I took the wheel off. Uh oh, what's this red dust?



Oh fantastic, it's rusty metal particles because whoever put the drums on last didn't tighten the nut all the way. I can spin the washer on the axle. I took out the cotter pin and the nut was finger tight. It appears whoever touched these brakes last tightened them down with the e-brake on, or they tightened them down and then backed them off until the cotter pin lined up. either way, it was the very wrong way to do it.



The previous owner saw fit to include a brake drum puller. I was glad to have it, but this is probably the first time in the history of the 122 that it wasn't needed. The drum didn't come off by hand, but it would have if I pulled a little harder, I simply put this on and spun it and the drum slid off.



Definitely too much red powder in here, I hope the taper isn't all ruined.



Ewww.



Okay, these shoes are about half worn out, so I'll go ahead and replace them when I put this thing back together.



The cylinder looks a bit nasty. Fortunately, it slides back and forth easily and isn't leaking, so I'm gonna use it for now.



On to the passenger side. Someone has definitely been in here fairly recently, the shoes are newer, and the parts are cleaner. Same situation as the driver side though, the nut was finger tight and it all just came apart far too easily.



Shiny keys are not a good thing. It could be worse, none of the keyways in the axles or drums are sharp at the corners, which would indicate heavy wear.



But, I wiped down the sealing surfaces, and noticed this.



Looks like this is very likely my vibrating brake, as this clearly wobbled all over and ruined itself. It also ruined the seal, as can be seen above.



Excessive camber like the VW guys!



So anyway, I stopped there to take the drums in and see what's up. I didn't realize that sealing surface is what it is, and on the extra drum that came with the car, that surface is all rusted out. I'm hoping the machine shop I go to can make the surfaces all clean again. Then I'm going to have my buddy at work sandblast them and I'll paint them up with high temp paint. I also discovered that my driver's side e-brake cable is frozen. So now I have that to deal with. See? Even when you have the parts, on an old car there's always something extra to cost you. Ah well, time to shop for a few parts. On the one hand, I hate to spend too much energy and/or money fixing up this axle, as I'm planning to do a disc brake conversion as soon as I can afford it. On the other hand, if I do everything up right, I can sell this axle to someone who needs it. Although who wants a 209k axle? We'll see.
 
#10 ·
A "speedi sleeve" will fix up the bad seal surface just dandy.
My "free" 122s also had drums that "fell off" when I started on the refurb of the rear-end.

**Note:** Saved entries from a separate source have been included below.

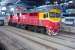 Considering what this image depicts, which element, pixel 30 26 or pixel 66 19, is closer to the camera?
pixel 30 26

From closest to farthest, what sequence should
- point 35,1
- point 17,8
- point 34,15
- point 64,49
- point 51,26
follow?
1. point 64,49
2. point 51,26
3. point 34,15
4. point 17,8
5. point 35,1

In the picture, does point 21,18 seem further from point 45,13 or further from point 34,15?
point 45,13

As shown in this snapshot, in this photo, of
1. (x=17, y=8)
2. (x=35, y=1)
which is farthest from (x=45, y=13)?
(x=35, y=1)

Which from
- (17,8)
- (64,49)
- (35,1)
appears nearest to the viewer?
(64,49)

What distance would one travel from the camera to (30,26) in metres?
35.2

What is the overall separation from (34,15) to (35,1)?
2705cm

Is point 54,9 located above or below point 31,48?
above

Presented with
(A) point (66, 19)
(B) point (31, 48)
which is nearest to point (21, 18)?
(A) point (66, 19)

Unfortunately, I mis-assembled the first side I did but not before I had tightened down the nut enough to make them truely stuck on there. Pause a week for the puller to arrive by mail!

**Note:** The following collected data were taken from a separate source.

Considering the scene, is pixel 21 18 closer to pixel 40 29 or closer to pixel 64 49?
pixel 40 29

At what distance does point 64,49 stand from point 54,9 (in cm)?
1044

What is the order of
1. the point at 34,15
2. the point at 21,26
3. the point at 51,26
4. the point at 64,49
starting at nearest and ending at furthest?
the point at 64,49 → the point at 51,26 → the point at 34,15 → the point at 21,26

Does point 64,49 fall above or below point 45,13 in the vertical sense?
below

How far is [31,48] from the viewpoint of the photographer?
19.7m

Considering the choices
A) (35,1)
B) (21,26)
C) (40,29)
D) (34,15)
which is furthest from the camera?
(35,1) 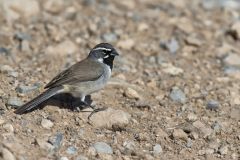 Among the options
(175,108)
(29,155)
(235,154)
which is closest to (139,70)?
(175,108)

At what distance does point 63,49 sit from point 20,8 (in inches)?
78.5

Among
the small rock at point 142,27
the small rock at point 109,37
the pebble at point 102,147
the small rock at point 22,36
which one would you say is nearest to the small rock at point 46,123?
the pebble at point 102,147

Other side has the shims to set axle end-play and those were corroded, too. Luckily, they cleaned up real good-like and when reassembled were still the appropriate thickness so rear-end stopped clunking!

Really fortunate was that the improper assembly of the rear axles appeared to be the very last thing done on the car before it was parked for the ensuing several years so it didn't have enough miles on them to damage anything.

Can't speak for the rust or the totally clapped out motor that "needs a head-job."

HAH!
 
#11 · (Edited)
Just a quick update, not much to report. A friend tried to sandblast the drums for me, and his sandblaster died on him, but not before he waited two weeks to give it a try. No worries, beggars can't be choosers. So I took the drums in to a machine shop where they told me that they'd been machined out numerous times and were too far out for them to re-machine them. So basically my options were to buy new drums or reassemble what I have as-is and hope for the best. I opted for #2, with the justification that I'll just bump up the schedule for the disc brake conversion. Anyway, I did just that and the good news is that a majority of my braking vibrations were definitely due to the drums being loose. I took a quick test drive with some 50-0 stops and they were very smooth, although not 100%. At least I can't visibly see the hood shake like I could before. Good enough to get me through the next 1000 miles or so.
 
#12 · (Edited)
Here's a little teaser for everyone.

 
#13 · (Edited)
Tonight I went back to my storage and actually took the wheels off and played with the ride height. While the pictures are terrible due to the warehouse lighting, and the fact that the car is tilted over to the driver's side, I think I got all I needed. Basically this is the stance I'm going for. Low in the front, with a slight rake.





I'm trying to decide now just howmuch energy to put in to actually getting the wheels on the car. I could re-drill the hubs and drums with the 108mm bolt pattern, so I can use same-pattern spacers to put the wheels right where they need to be, or I can just wait until I get the P1800 hubs and rear axle, and put the wheels and spacers on then. Which will be a while, because I'm trying to figure out the cheapest way to ship the parts car here. Decisions, decisions. Anyway, what's the general consensus on the wheels? I think they fit the car really, really well.
 
#15 ·
Re: (gdill2)

Very awesome set of wheels. Everyone on Turbobricks gives me hell when I talk about modern wheels on these old cars.

I also like these:


Don't forget about the Torque Thrust, or the American Racing Outlaw. both good wheels for the Amazon.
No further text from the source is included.